Fearing a monopoly by cable broadband companies and a resultant loss of freedom of speech, civil liberties groups said they will fight federal measures that would let cable Internet providers retain control of their networks and bar competing Internet service providers (ISPs) from using their lines.
The American Civil Liberties Union and other groups, in reports released Wednesday, argued that the Internet’s success is based on “open networks.” They noted that cable broadband providers, which more users are turning to for high-speed access, “wield total control over Internet use” and are not subject to regulatory or competitive measures.
As a result, the ACLU said, a smaller number of companies control access to the Internet, as well as the content available on the network.
“In the same way that we have battled Internet censorship by the government, we will also fight to make sure that private corporations aren’t allowed to get into a position where they can dictate what we read and say online,” said Barry Steinhardt, director of the ACLU’s Technology and Liberty Program.
Regulator Measures Needed
According to the groups, cable companies should be subjected to the same common carrier regulatory measures that apply to phone companies. Those regulations force telephone operators to let their lines be used for transferring voice and data.
The Federal Communications Commission (FCC) currently is debating how to classify cable network lines. That decision will affect how or even whether they are regulated.
“No one is saying they can’t make a lot of money at it, but we’re saying they can’t monopolize unfairly your access and discriminate against Web sites online,” said Jeffrey Chester, executive director of the Center for Digital Democracy, who collaborated on preparating the reports.
Chester told the E-Commerce Times that the groups want cable operators to “have an infrastructure which enables the Internet to thrive in a robust, competitive climate.”
The ACLU noted that its focus on cable broadband providers was spurred by that technology’s widespread adoption by consumers and businesses, compared with slower adoption of competing DSL (digital subscriber line) technology.
Too Little, Too Late?
“Where were they when the related bills passed Congress? Why now?” Lisa Pierce, broadband research analyst at Giga Information Group, said of the newly released reports.
Pierce told the E-Commerce Times that she believes that because of other congressional focus points, the ACLU is unlikely to gain much momentum from its announcements.
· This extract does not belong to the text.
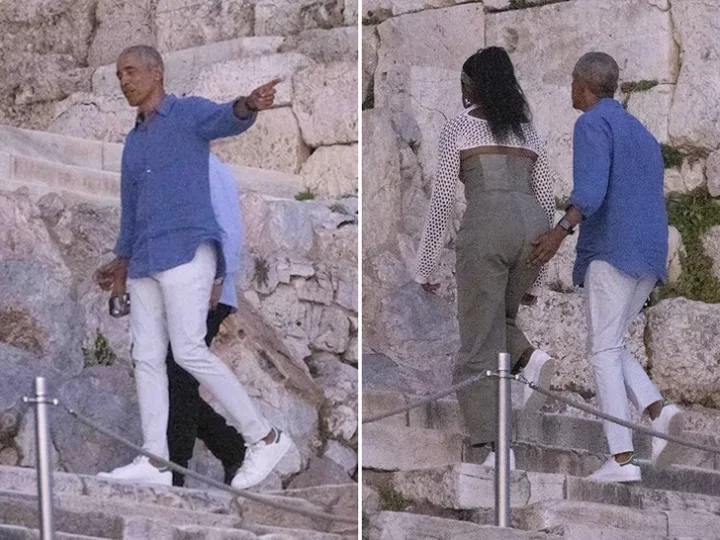 Barack Obama taps Michelle's b*** at the Acropolis in Greece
However, she noted, it is important for the FCC to take a more holistic approach to regulating its telecommunications infrastructure, rather than dividing up the technologies, “whether it’s landline or wireless, whether it’s fixed or mobile, whether it’s cable, copper or fiber.”
Chester agreed that a single regulation is needed by the FCC. He noted that, ultimately, “the game here is that both the phone and cable guys really want to end up monopolizing as much Internet traffic as they can.”
Cable Company LANs
In addition to government regulation of cable companies — or lack thereof — the ACLU also took issue with how customers access the Internet when logged on via a cable provider.
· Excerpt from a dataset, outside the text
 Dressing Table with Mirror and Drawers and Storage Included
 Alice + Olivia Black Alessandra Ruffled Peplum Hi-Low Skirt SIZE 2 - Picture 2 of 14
According to the ACLU, cable operators make the Internet available to consumers via a LAN (local area network). As a result, they theoretically can control the speed at which Web sites download. And they can even block certain Web sites.
Network operators also can monitor customer usage and can control the content users see by forcing customers to log in on a central home page.
But Pierce was adamant that the configuration varies little from other ISPs — dial-up, cable or DSL. “The filtering happens at the level of the ISP,” she said.